# Caption-style text data
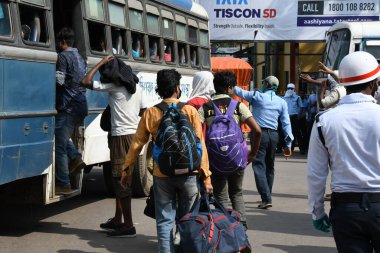 Burdwan Town, Purba Bardhaman, Batı Bengal / Hindistan - 29.05.2020: Novel Coronavirus 'un (COVID-19) ortaya çıkmasıyla mahsur kalan göçmen işçiler, diğer eyaletlerden gelen' Shramik Special 'treniyle kendi devletlerine (Batı Bengal) döndüler..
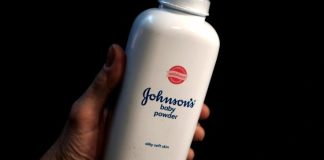 J&J, stop vendita talco da 2023: troppe cause per tumori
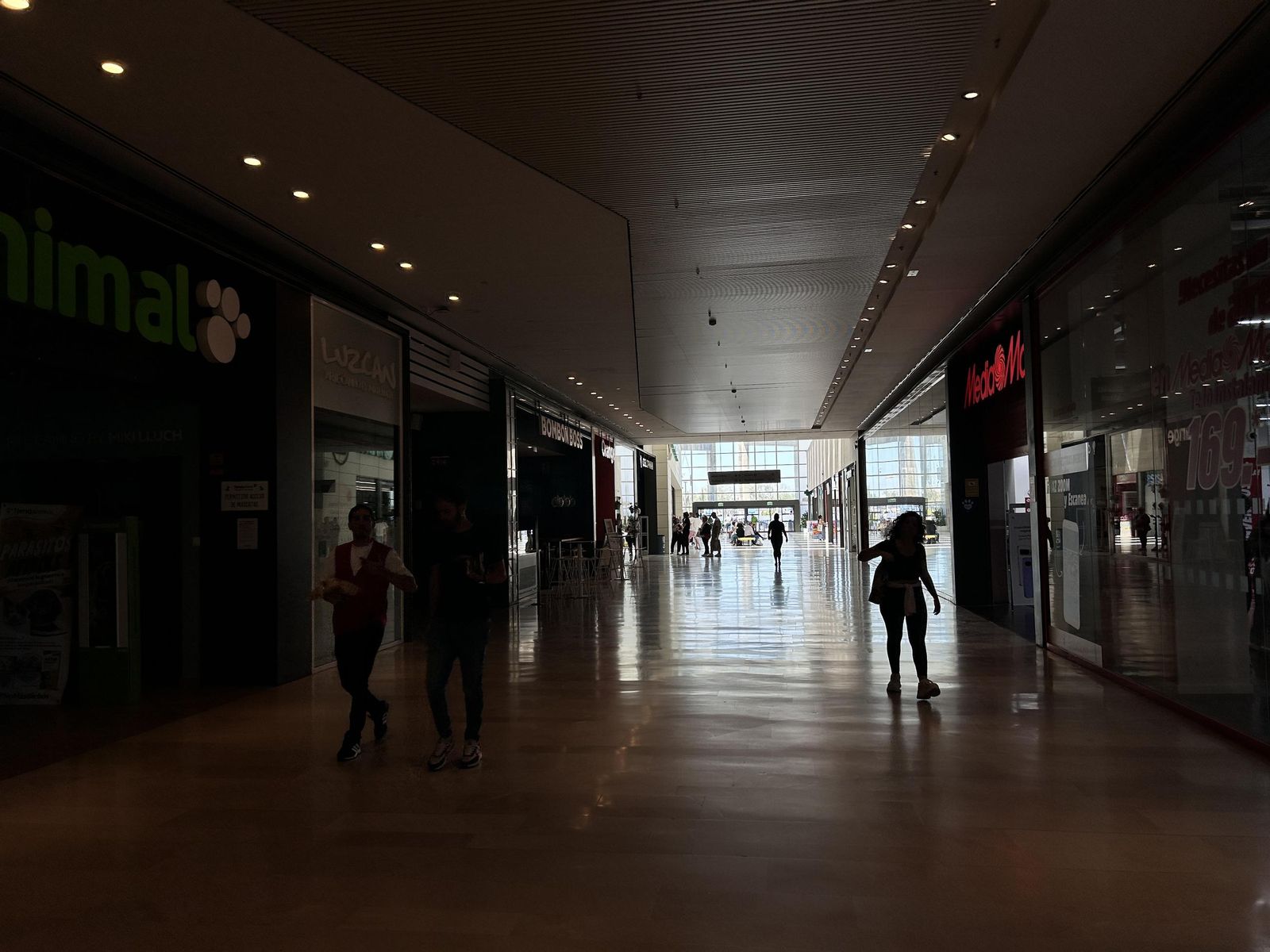 Imágenes del apagón en Sevilla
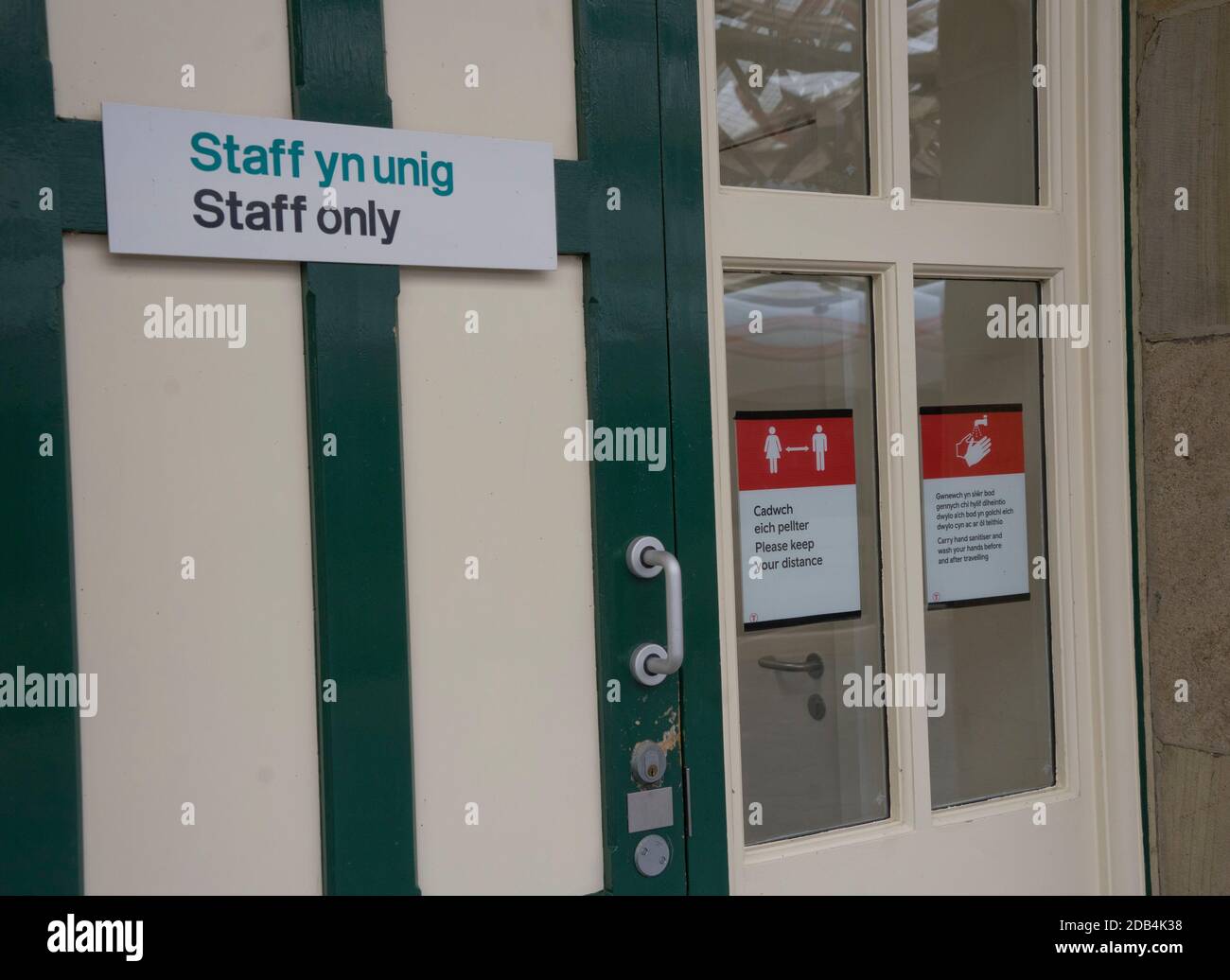 Bahnhof mit zweisprachigen Sicherheitsschildern in Walisisch und Englisch Wegen Coronavirus, Covid-19 Pandemie in Aberystwyth, Ceredigion, Wales, Großbritannien Stockfoto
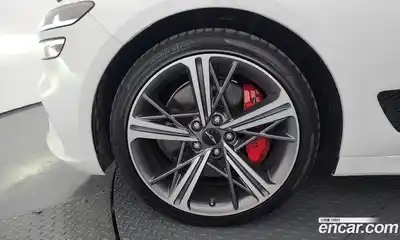Genesis G70 2025 3.3 гидро в Москве № 1538849, миниатюра 5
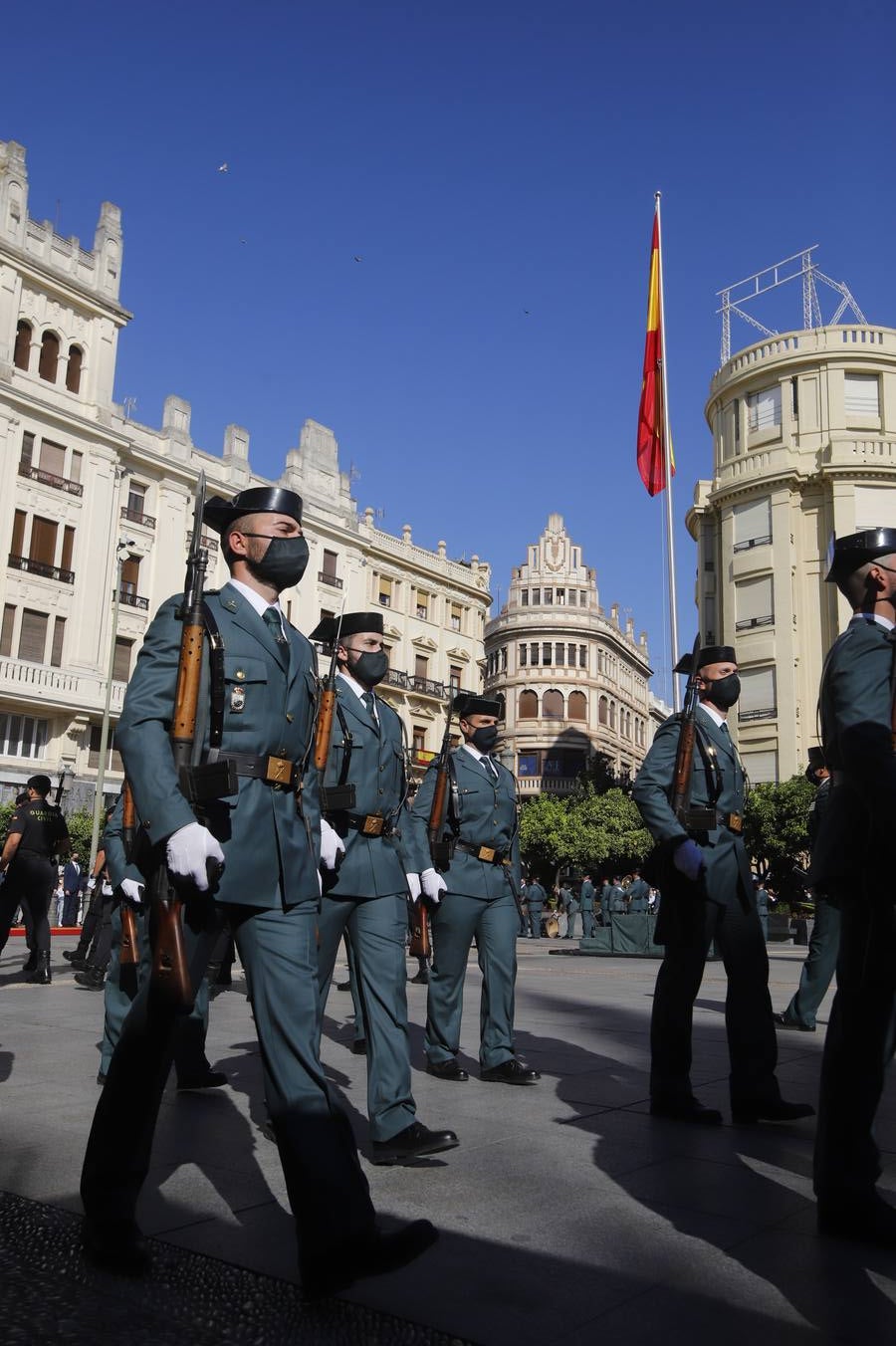 El izado de la bandera de España en los actos de la Guardia Civil por su patrona, en imágenes (II)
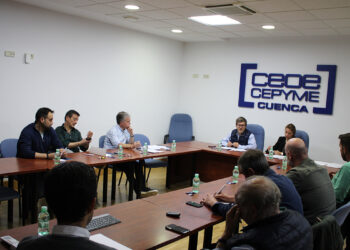La Asociación Provincial de Cerealistas Conquenses (ACECON) prevé una campaña con un buen volumen de producción de cereal y girasol en la provincia, salvada en el último momento por la meteorología. Durante su reciente Asamblea General, el sector ha confirmado que las lluvias de marzo y la primera quincena de abril han sido providenciales para revertir los efectos de un invierno inusualmente seco y con grandes oscilaciones térmicas. Gracias a estas precipitaciones, la mayor superficie de cebada en La Manchuela y la zona Centro avanza favorablemente en su fase de llenado de grano. Por su parte, los trigos blandos y duros cultivados en las áreas más frescas de la Serranía ya se encuentran en plena floración. Sin embargo, el optimismo por el volumen de la cosecha choca frontalmente con una rentabilidad asfixiada por el contexto internacional. El presidente de ACECON, David Manzanares, ha advertido que la crisis en Oriente Medio está teniendo un impacto directo y crítico en las cuentas de los agricultores conquenses. Los problemas en las rutas marítimas han disparado el precio de los fertilizantes importados, mientras que el encarecimiento del crudo eleva el coste del gasóleo agrícola justo a las puertas de la recolección. A este escenario se suma una alta volatilidad en los precios de venta que impide a los productores cerrar contratos a futuro con estabilidad. Flexibilidad burocrática y homenaje a Urbano Chana Durante el encuentro provincial, los cerealistas también abordaron cuestiones de gestión laboral en las explotaciones agrícolas. La directiva aclaró que el formato digital para el registro horario de los trabajadores no es obligatorio en la actualidad. Por lo tanto, no contar con sistemas digitalizados de control horario no es motivo de sanción, lo que aporta cierta tranquilidad burocrática a las explotaciones de la zona. La reunión concluyó con un profundo reconocimiento hacia Urbano Chana, empresario local recientemente fallecido. Manzanares destacó la honradez y humildad de Chana, quien en los años ochenta fundó desde cero la empresa Chanagar. Hoy, bajo el liderazgo de sus hijos Maribel y Santiago, la compañía se ha consolidado como un motor económico vital para su comarca en los sectores agrario y del transporte. El arraigo de esta empresa familiar ha permitido generar y mantener 50 puestos de trabajo directos. Además, gestionan múltiples puntos de distribución que resultan esenciales para la vertebración logística del sector agrícola en la provincia de Cuenca. Evolución del sector: de la sequía a la inflación de costes La radiografía actual del campo en Cuenca marca un punto de inflexión respecto a las crisis agrícolas del último año documentadas en la hemeroteca de Liberal de Castilla. Durante la campaña anterior, las noticias del sector estaban acaparadas casi en exclusiva por la angustia de una sequía histórica que mermó drásticamente los rendimientos por hectárea, obligando a las asociaciones a reclamar ayudas de emergencia para la supervivencia de las siembras. Hoy, el foco del debate ha rotado por completo hacia la gestión financiera y la supervivencia empresarial. El agricultor conquense ha pasado de mirar al cielo rogando por la lluvia, a vigilar los mercados internacionales de materias primas para poder cuadrar los márgenes de beneficio. Esta transición demuestra que la resiliencia del sector en la provincia depende ahora de su capacidad para blindar una producción local abundante frente a unos costes energéticos dictados por la inestabilidad geopolítica.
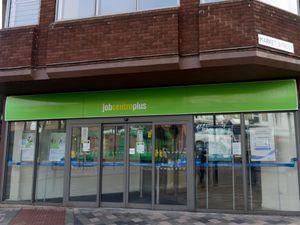 Supporting image for story: Unemployment claims rise as coronavirus lockdown rocks economy 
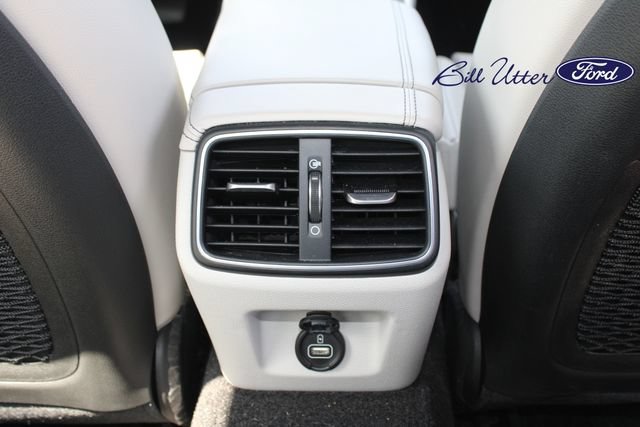 Used 2023 Genesis G70 2.0T RWD image 15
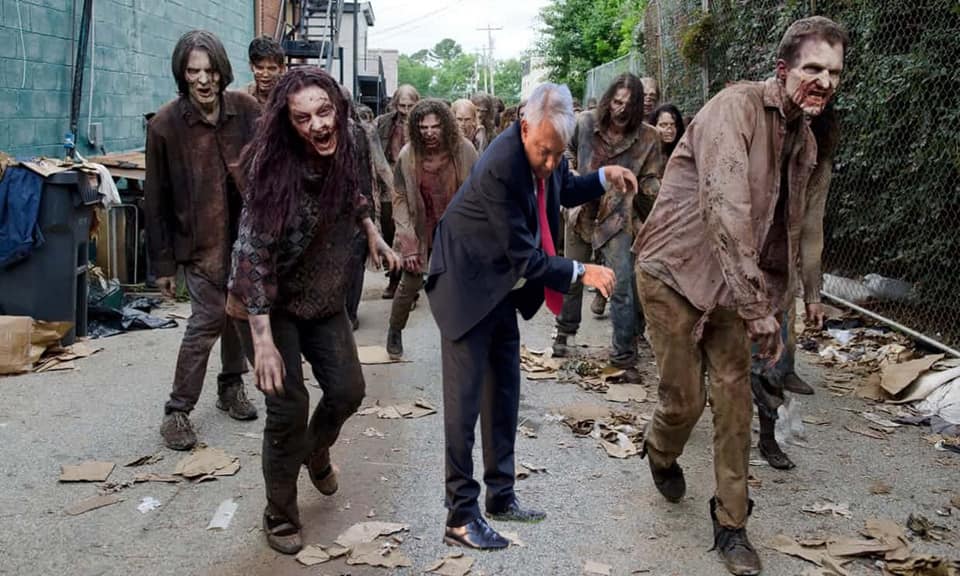 AMLO con pala se convierte en meme viral; este es su origen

# Problem details
With the pictures omitted, copy the entries above exactly from the line containing "Genesis G70 2025" through the line containing "El izado de", both lines included.

# Response for this exercise
Genesis G70 2025 3.3 гидро в Москве № 1538849, миниатюра 5
 El izado de la bandera de España en los actos de la Guardia Civil por su patrona, en imágenes (II)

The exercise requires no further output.